#### Task brief
Every record should be written out exactly, with the pictures left out.

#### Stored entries
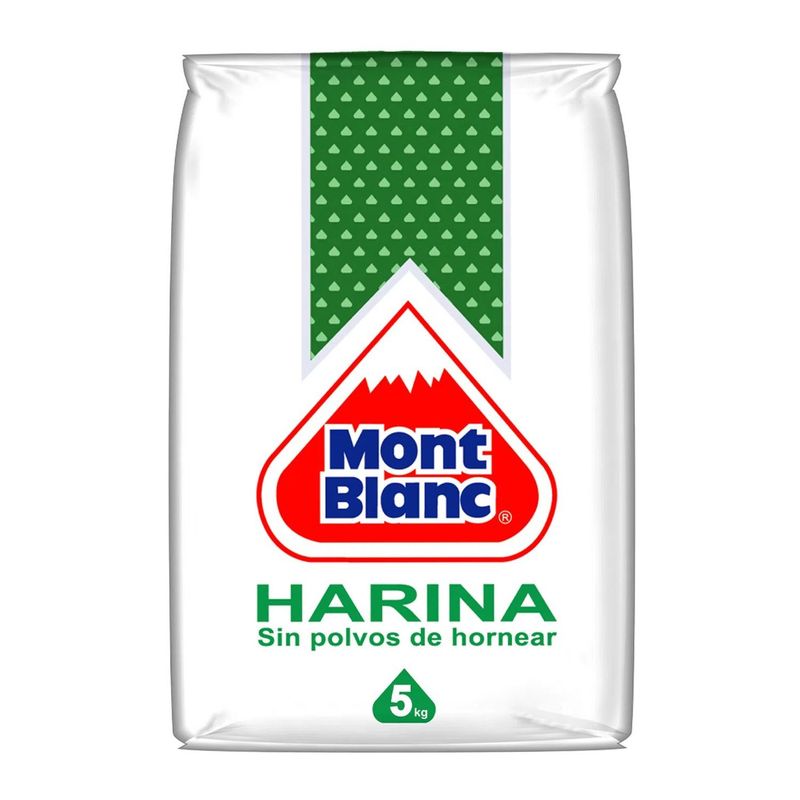 MONT BLANC - Harina Mont Blanc sin Polvo de Hornear 5 Kg
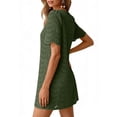 thumbnail image 5 of Admvng Dresses Women Eyelet Lace Round Neck Short Sleeve Casual Summer Mini Shift Dress, 5 of 6
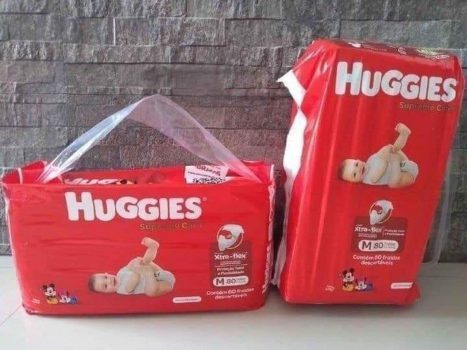 Fralda Huggies Supreme Care M - 80 Fraldas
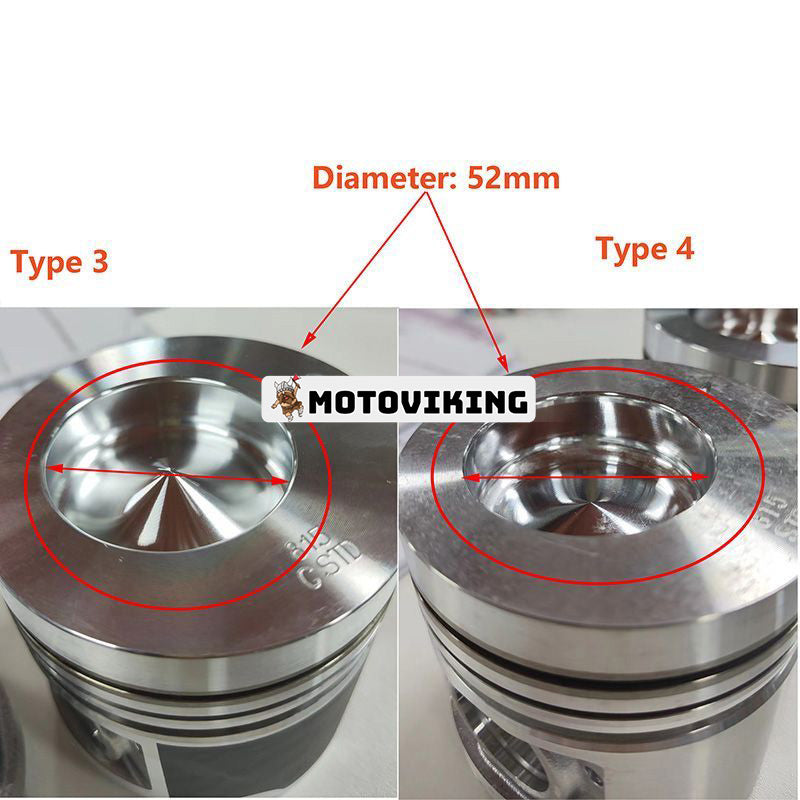 Reparationssats för Mitsubishi Engine S4S S4S-DT S4S-Z263SD S4S-Y362SD S4S-Y262SD S4S-DTDP S4S-51FL S4S-Z2DT61IR S4S-Z3DT61SD S4S-65SG S4S-Y162 S4S-Y162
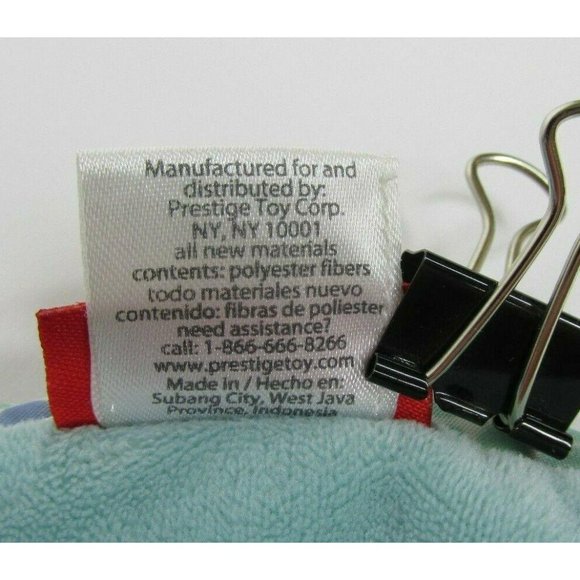 Fisher Price Lovey Monkey Security Blanket Blue Polka Dot Plush 2015 Baby Rattle - Picture 7 of 8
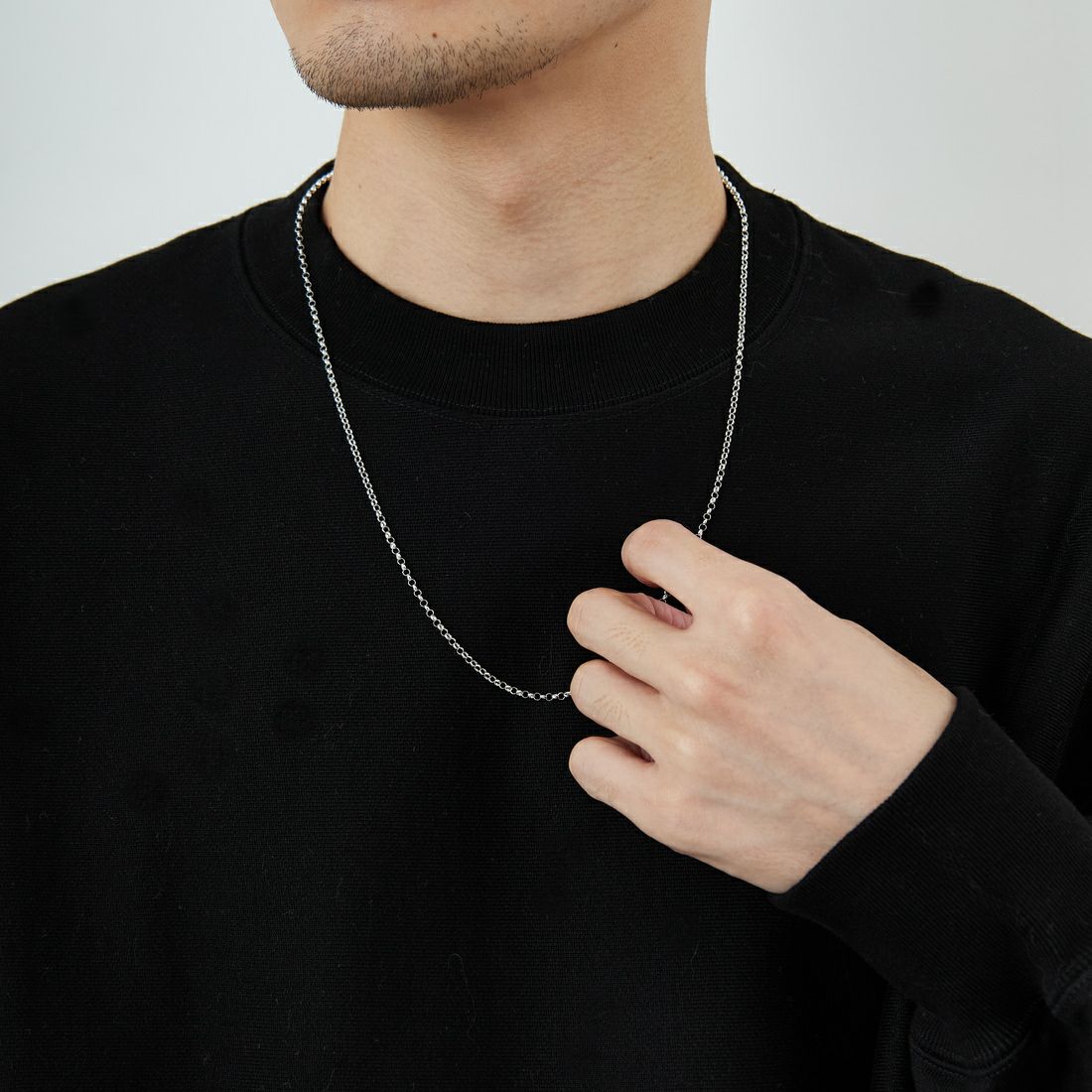 XOLO JEWELRY [ショロジュエリー] ROUND LINKネックレス [XON040-60] SILVER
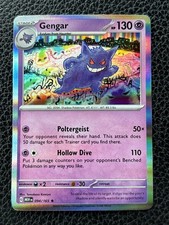 Gengar Pokemon TCG Holo Card 94/165 Scarlet & Violet 151 Series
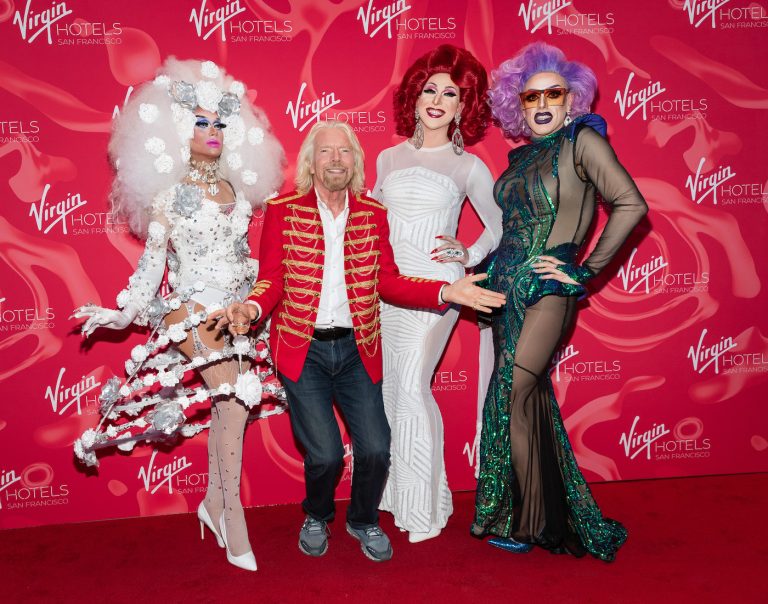 Richard Branson Throws Lavish Party To Celebrate New Hotel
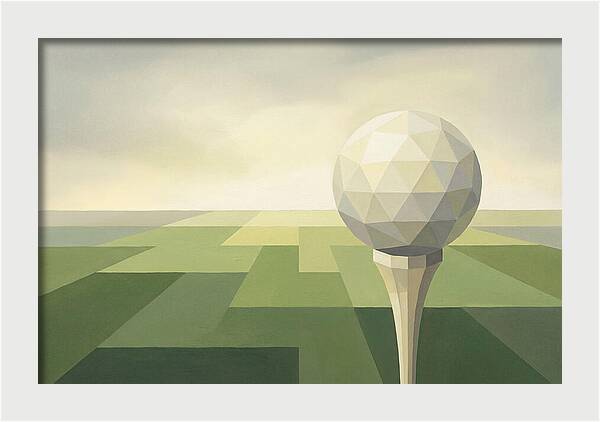 Golf Ball On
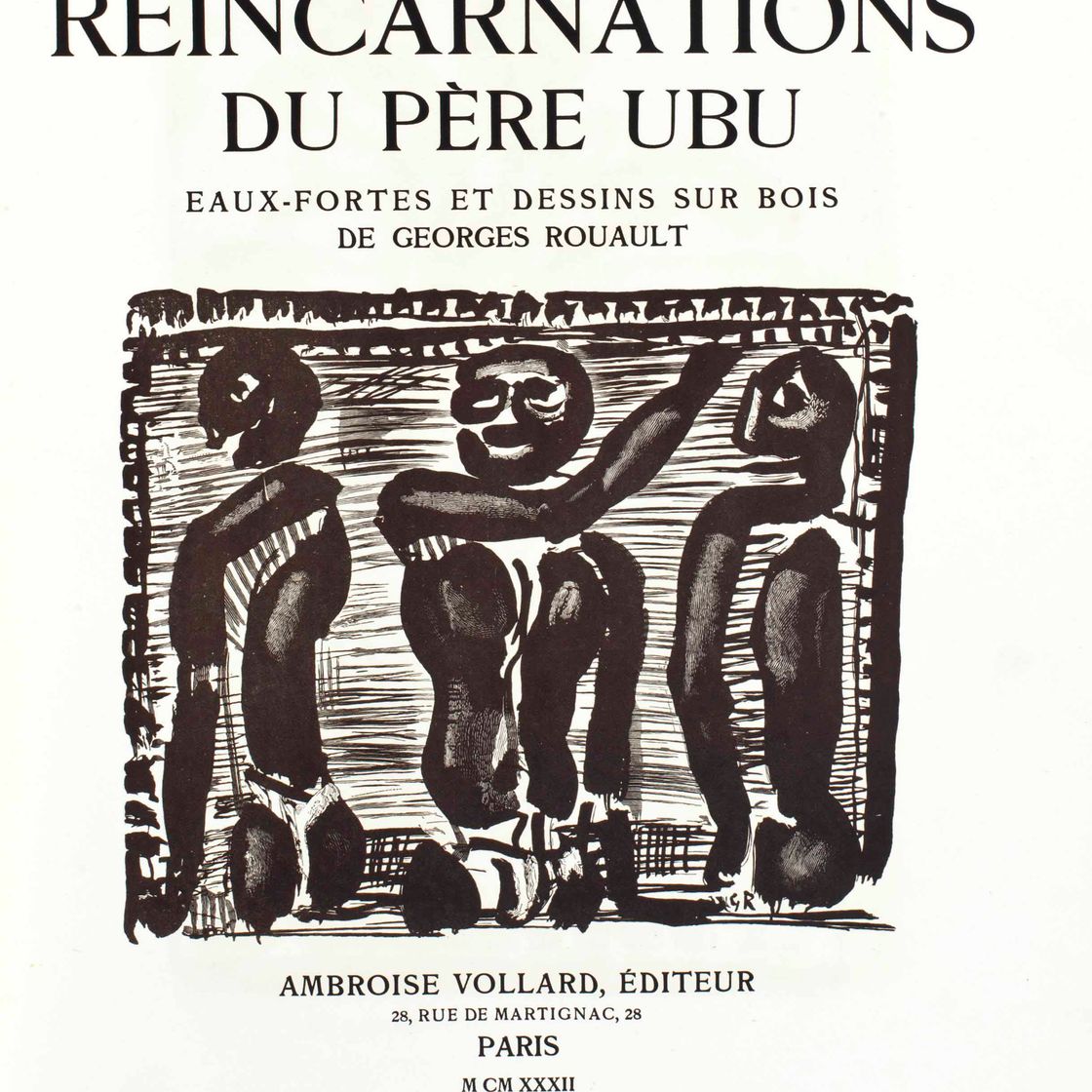 Georges Rouault — Возрождение отца Юбу, Амбруаз Воллар, Париж, 1932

#### Written solution
 MONT BLANC - Harina Mont Blanc sin Polvo de Hornear 5 Kg
 thumbnail image 5 of Admvng Dresses Women Eyelet Lace Round Neck Short Sleeve Casual Summer Mini Shift Dress, 5 of 6
 Fralda Huggies Supreme Care M - 80 Fraldas
 Reparationssats för Mitsubishi Engine S4S S4S-DT S4S-Z263SD S4S-Y362SD S4S-Y262SD S4S-DTDP S4S-51FL S4S-Z2DT61IR S4S-Z3DT61SD S4S-65SG S4S-Y162 S4S-Y162
 Fisher Price Lovey Monkey Security Blanket Blue Polka Dot Plush 2015 Baby Rattle - Picture 7 of 8
 XOLO JEWELRY [ショロジュエリー] ROUND LINKネックレス [XON040-60] SILVER
 Gengar Pokemon TCG Holo Card 94/165 Scarlet & Violet 151 Series
 Richard Branson Throws Lavish Party To Celebrate New Hotel
 Golf Ball On
 Georges Rouault — Возрождение отца Юбу, Амбруаз Воллар, Париж, 1932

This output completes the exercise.